Detective Inspector Tony McLean angers his superiors easily. His headstrong policing techniques, trust in justice over procedure, and frequently lethal resolutions tax Edinburgh’s finest leaders beyond breaking. So they’ve seconded this veteran homicide detective onto sex crimes. But when a suspicious string of hangings overlaps with a human smuggling operation, McLean finds his loyalties torn. He starts working two cases, in two divisions, simultaneously. That leaves him defenseless when seemingly supernatural events invade his house.
If that sounds excessively complex, I certainly won’t disagree. Scottish sheep farmer James Oswald exploded onto literature’s map under two years ago when his self-published first novel outsold bestsellers by established veterans. He sparked a bidding war, every self-published author’s dream, which few seldom achieve. Now his publishers, confronted with a complicated manuscript of George RR Martin-level volubility, seem afraid to ask him to pare it into bite-sized chunks, lest they alienate their golden goose.
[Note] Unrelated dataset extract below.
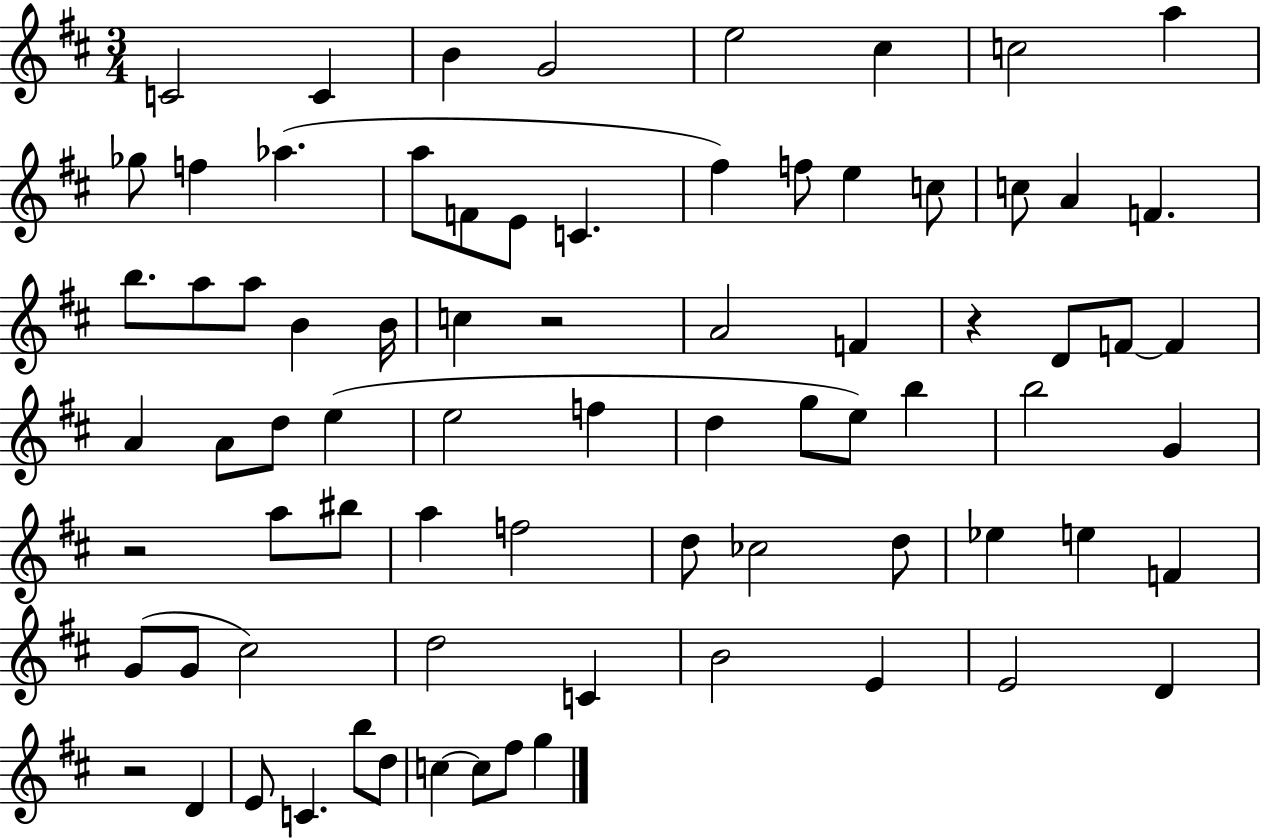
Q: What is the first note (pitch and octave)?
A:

Oswald floats three parallel stories. In one, Scottish pimps are secretly shipping Eastern European prostitutes from Edinburgh to parts unknown. Since that’s the opposite direction from where human smugglers usually travel, Inspector McLean’s spidey sense goes bonkers, especially when one prostitute proves British-born. The Sex Crime Unit detectives consider tracking the mastermind very low priority, even after Edinburgh’s flashiest pimp gets slaughtered. McLean suspects inside corruption, which may extend all the way to the top.
Meanwhile, several hangings occur across Edinburgh in quick succession. Every death involves hempen rope, a rare commodity anymore, and the knots appear identical. McLean’s station chief, a bureaucratic placeholder who considers McLean an unreliable Dirty Harry type, squelches the investigation as mere predictable suicides. Each successive hanging, though, brings circumstances closer to McLean’s door. Between managerial incompetence and criminal shrewdness, McLean must decide who he can trust, before he faces his own personal hanging tree.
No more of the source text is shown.